4. Does value type packing necessarily lead to heap allocation?
This problem also needs to be verified. Now that we know that escaping will cause heap allocation, we can construct a value type boxing but not escaping scenario, which is the fn function in the following code:
func fn(n int) bool { return notNil(n) } func notNil(a interface{}) bool { return a != nil }
Inline optimization needs to be prohibited during compilation. The compiler can still determine that there is no escape through the code implementation of notNil function. Decompile fn to obtain the following assembly code:
$ go tool objdump -S -s '^gom.fn$' eface.o TEXT gom.fn(SB) gofile..eface.go func fn(n int) bool { 0xfd6 65488b0c2528000000 MOVQ GS:0x28, CX 0xfdf 488b8900000000 MOVQ 0(CX), CX [3:7]R_TLS_LE 0xfe6 483b6110 CMPQ 0x10(CX), SP 0xfea 764a JBE 0x1036 0xfec 4883ec28 SUBQ $0x28, SP 0xff0 48896c2420 MOVQ BP, 0x20(SP) 0xff5 488d6c2420 LEAQ 0x20(SP), BP return notNil(n) 0xffa 488b442430 MOVQ 0x30(SP), AX 0xfff 4889442418 MOVQ AX, 0x18(SP) 0x1004 488d0500000000 LEAQ 0(IP), AX [3:7]R_PCREL:type.int 0x100b 48890424 MOVQ AX, 0(SP) 0x100f 488d442418 LEAQ 0x18(SP), AX 0x1014 4889442408 MOVQ AX, 0x8(SP) 0x1019 e800000000 CALL 0x101e [1:5]R_CALL:gom.notNil 0x101e 0fb6442410 MOVZX 0x10(SP), AX 0x1023 88442438 MOVB AL, 0x38(SP) 0x1027 488b6c2420 MOVQ 0x20(SP), BP 0x102c 4883c428 ADDQ $0x28, SP 0x1030 c3 RET func fn(n int) bool { 0x1031 0f1f440000 NOPL 0(AX)(AX*1) 0x1036 e800000000 CALL 0x103b [1:5]R_CALL:runtime.morestack_noctxt 0x103b eb99 JMP gom.fn(SB)

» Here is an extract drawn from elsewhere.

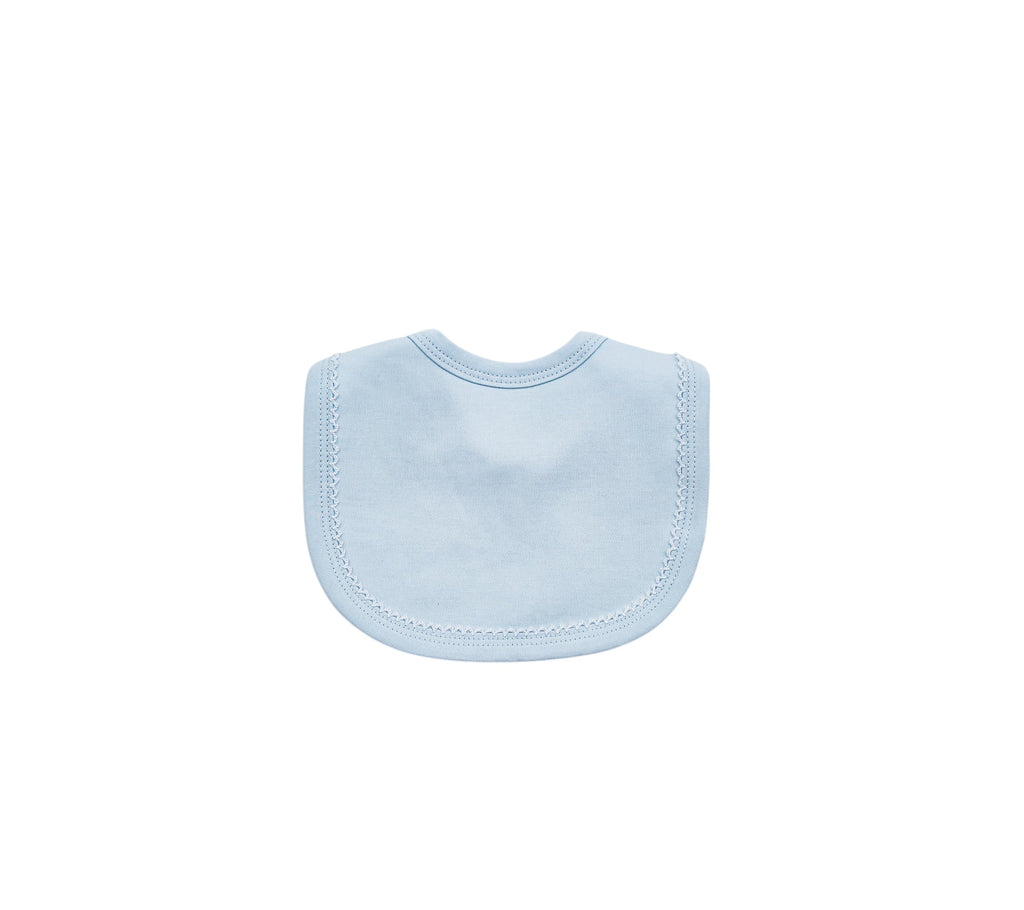 Organic Cotton Picot Trim Bib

Convert the above code into equivalent pseudo code:
Note the local variable v in the pseudo code, which is actually implicitly allocated by the compiler (not on the heap ~), and is used as the value copy of n.
func fn(n int) bool { entry: gp := getg() if SP <= gp.stackguard0 { goto morestack } v := n return notNil(eface{_type: &type.int, data: &v}) morestack: runtime.morestack_noctxt() goto entry }
Therefore, when the interface {} loads the value, it must copy a copy separately, instead of directly allowing the data to store the address of the original variable, but whether the heap allocation needs to be analyzed by escape: when the escape is involved after the value type is boxed, a series of convT functions in runtime will be used.